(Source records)
Content starts

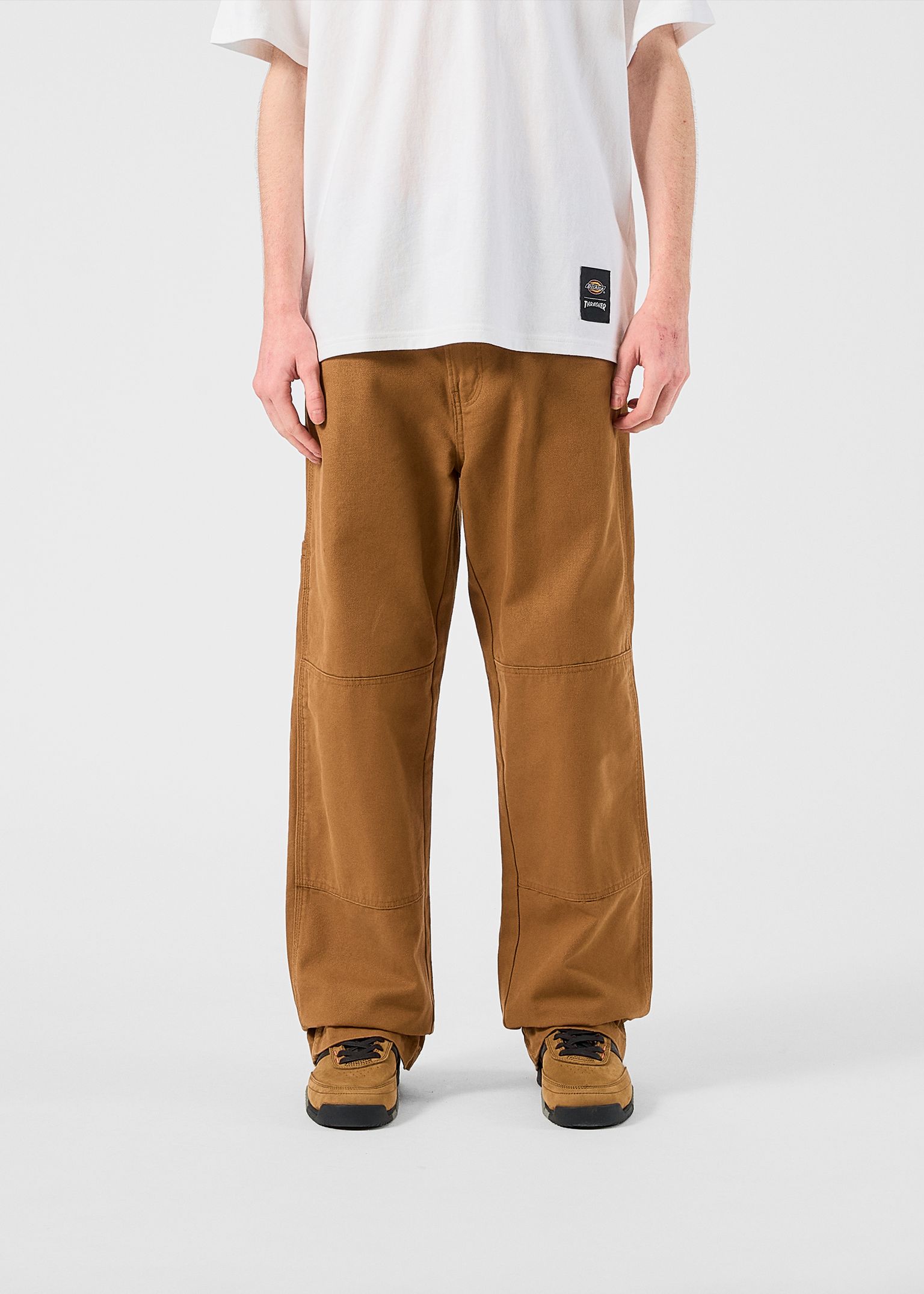 Thrasher X Dickies Pants image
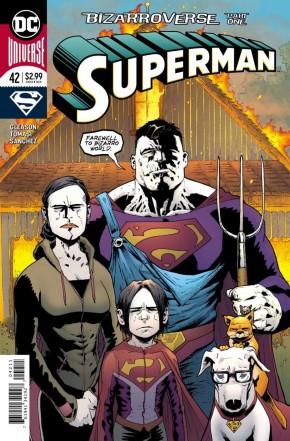 SUPERMAN #42 (2016 SERIES)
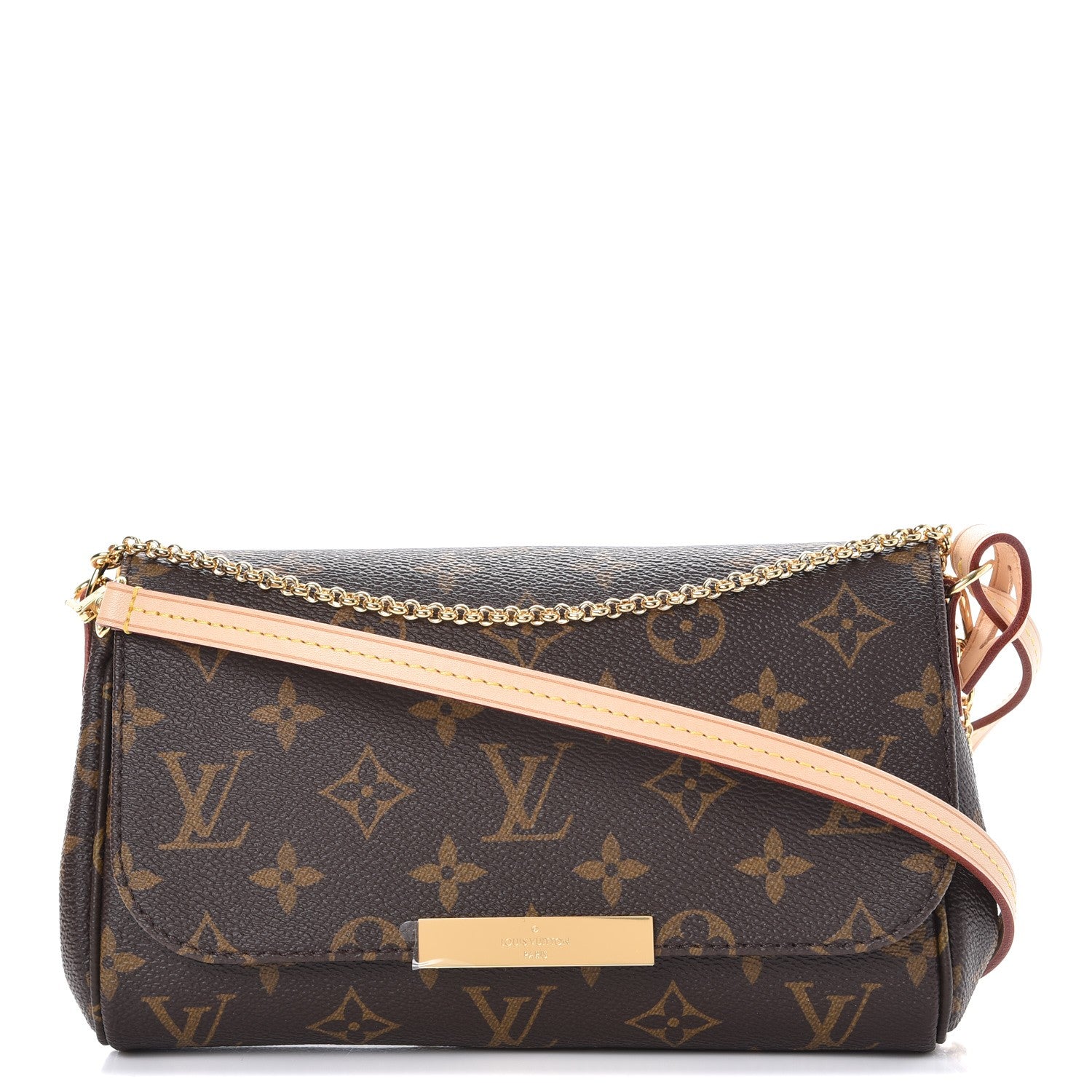 Louis Vuitton Monogram Favorite PM 1 of 8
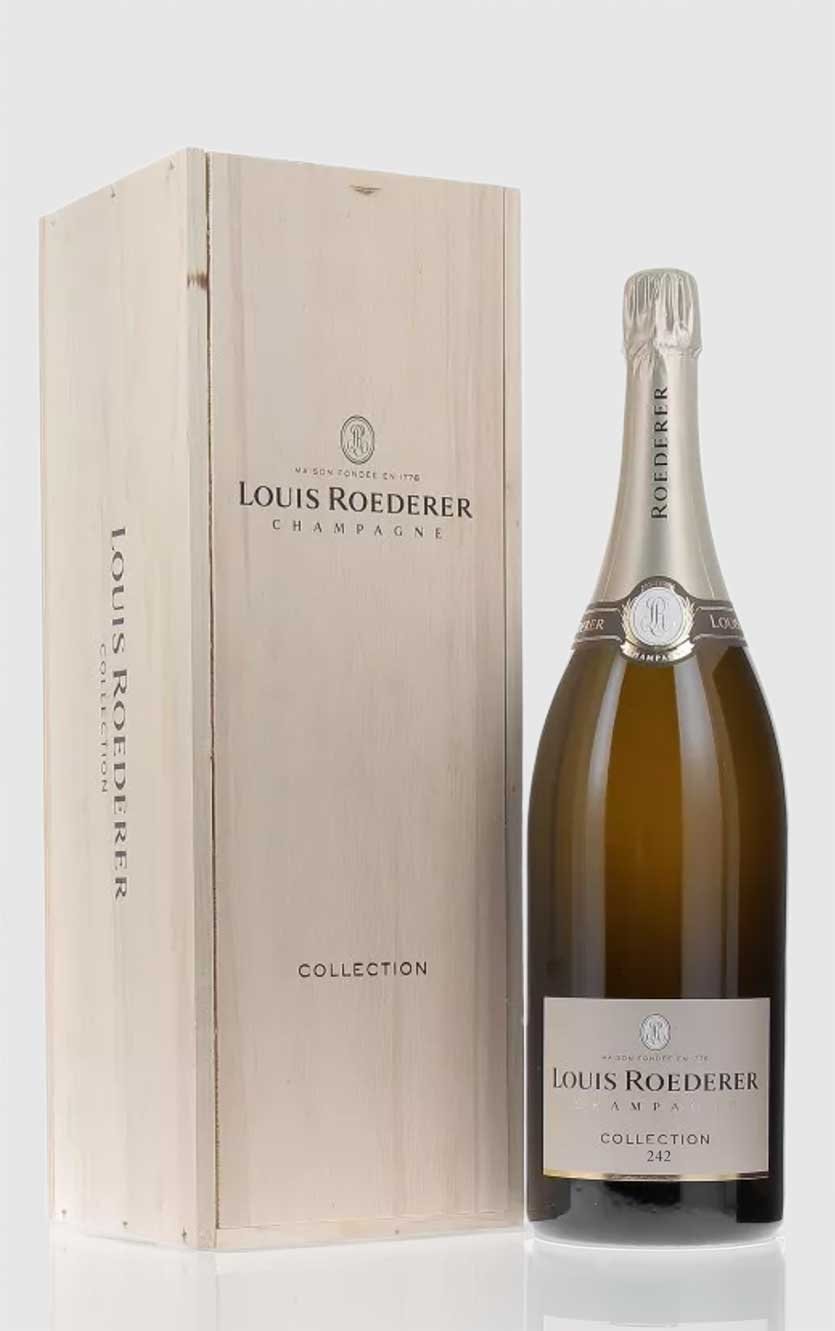 Louis Roederer Collection 242 Methuselah 600cl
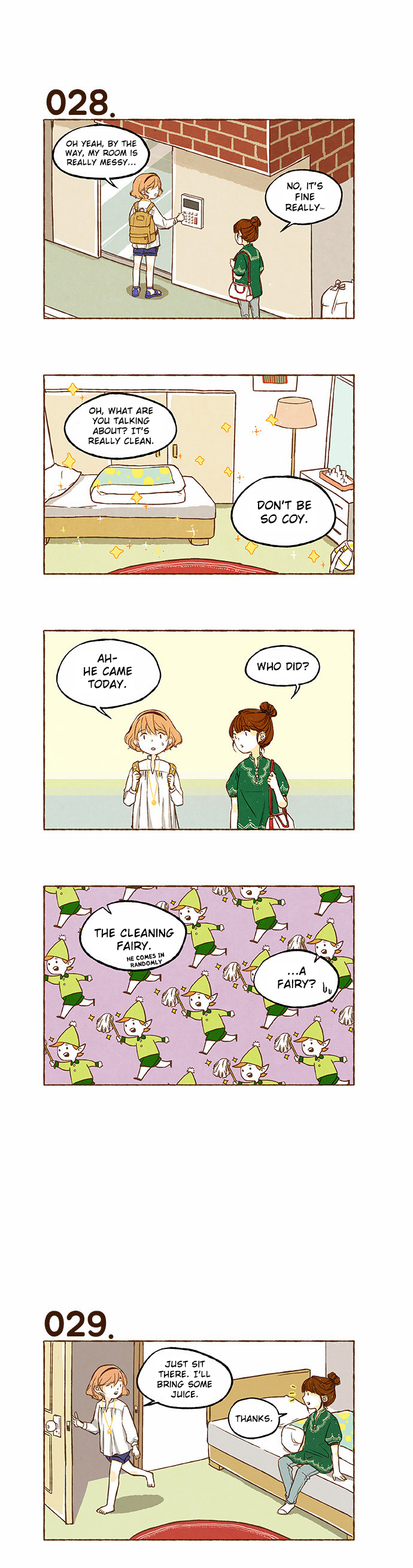 Super Secret Ch. 2 第7页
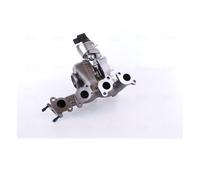 Nissens 93168 Compressore Carica per Seat Altea VW Golf VI Audi A3 Skoda Octavia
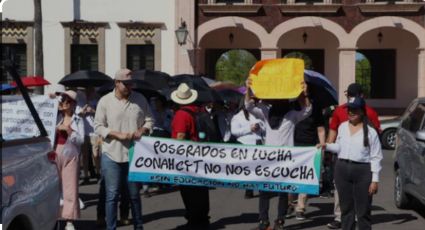 Cancelación de posgrados afectará al Plan Sonora de Energías, dicen estudiantes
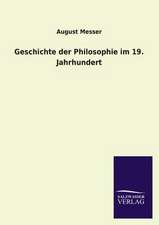 Geschichte Der Philosophie Im 19. Jahrhundert: Eine Studie Uber Deutschlands Seeverkehr in Seiner Abhangigkeit Von Der Binnenschif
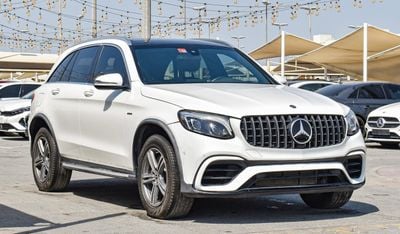 مرسيدس بنز GLC 300 كوبيه AMG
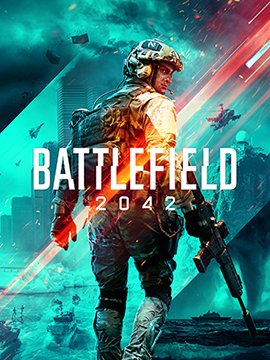 Xbox Battlefield 2042 [Xbox Series X, русская версия]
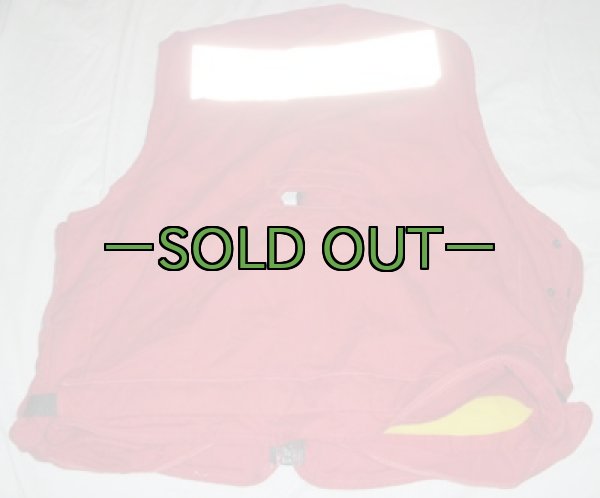 画像5: MARK1ベスト07　Lサイズ　中古良品　浮揚付 (5)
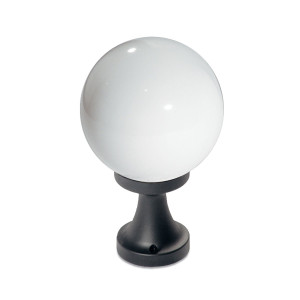 Glob ornamental Sfera 2 Jolly 9775, 1 x E27, H 38 cm, D 25 cm, opal, modern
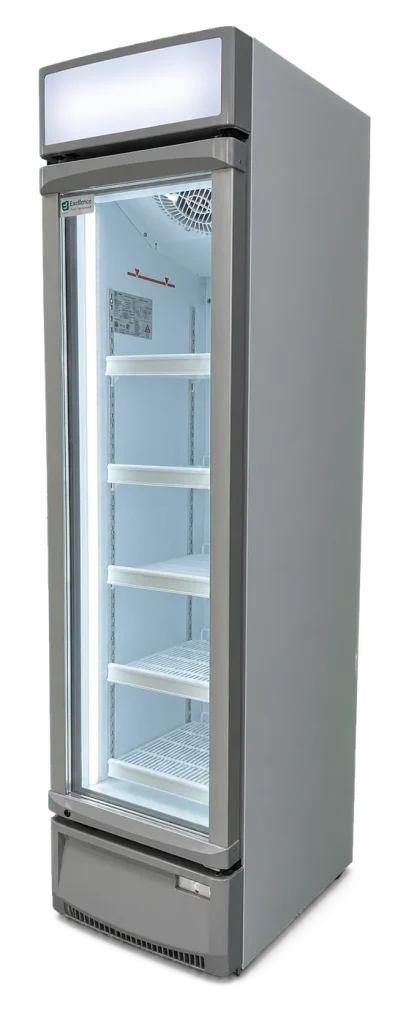 SLF Slim Line Ice Cream Freezer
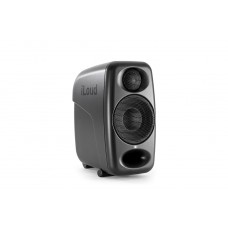 iLoud-MM-PRO-Single-BK Студийный монитор, черный, IK Multimedia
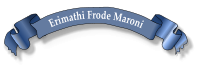 Erimathi Frode Maroni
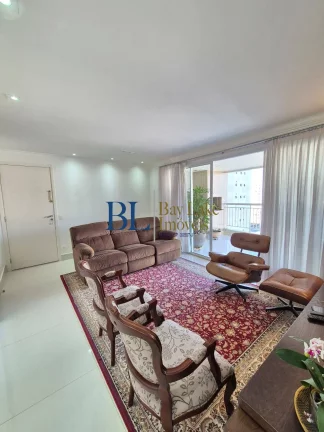 Imagem Apartamento Incontro Mooca 112m² 2Vagas Depósito Varanda Gourmet!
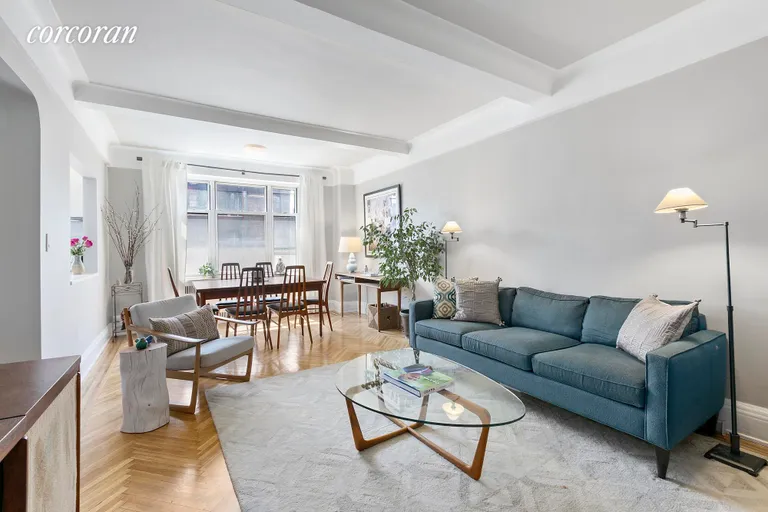 New York City Real Estate | View 233 West 99th Street, 9C | 1 Bed, 1 Bath | View 1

Content ends

Assignment:
For every entry, return its exact wording and leave out any image.

Output below:
 Thrasher X Dickies Pants image
 SUPERMAN #42 (2016 SERIES)
 Louis Vuitton Monogram Favorite PM 1 of 8
 Louis Roederer Collection 242 Methuselah 600cl
 Super Secret Ch. 2 第7页
 Nissens 93168 Compressore Carica per Seat Altea VW Golf VI Audi A3 Skoda Octavia
 Cancelación de posgrados afectará al Plan Sonora de Energías, dicen estudiantes
 Geschichte Der Philosophie Im 19. Jahrhundert: Eine Studie Uber Deutschlands Seeverkehr in Seiner Abhangigkeit Von Der Binnenschif
 مرسيدس بنز GLC 300 كوبيه AMG
 Xbox Battlefield 2042 [Xbox Series X, русская версия]
 画像5: MARK1ベスト07　Lサイズ　中古良品　浮揚付 (5)
 Glob ornamental Sfera 2 Jolly 9775, 1 x E27, H 38 cm, D 25 cm, opal, modern
 SLF Slim Line Ice Cream Freezer
 iLoud-MM-PRO-Single-BK Студийный монитор, черный, IK Multimedia
 Erimathi Frode Maroni
 Imagem Apartamento Incontro Mooca 112m² 2Vagas Depósito Varanda Gourmet!
 New York City Real Estate | View 233 West 99th Street, 9C | 1 Bed, 1 Bath | View 1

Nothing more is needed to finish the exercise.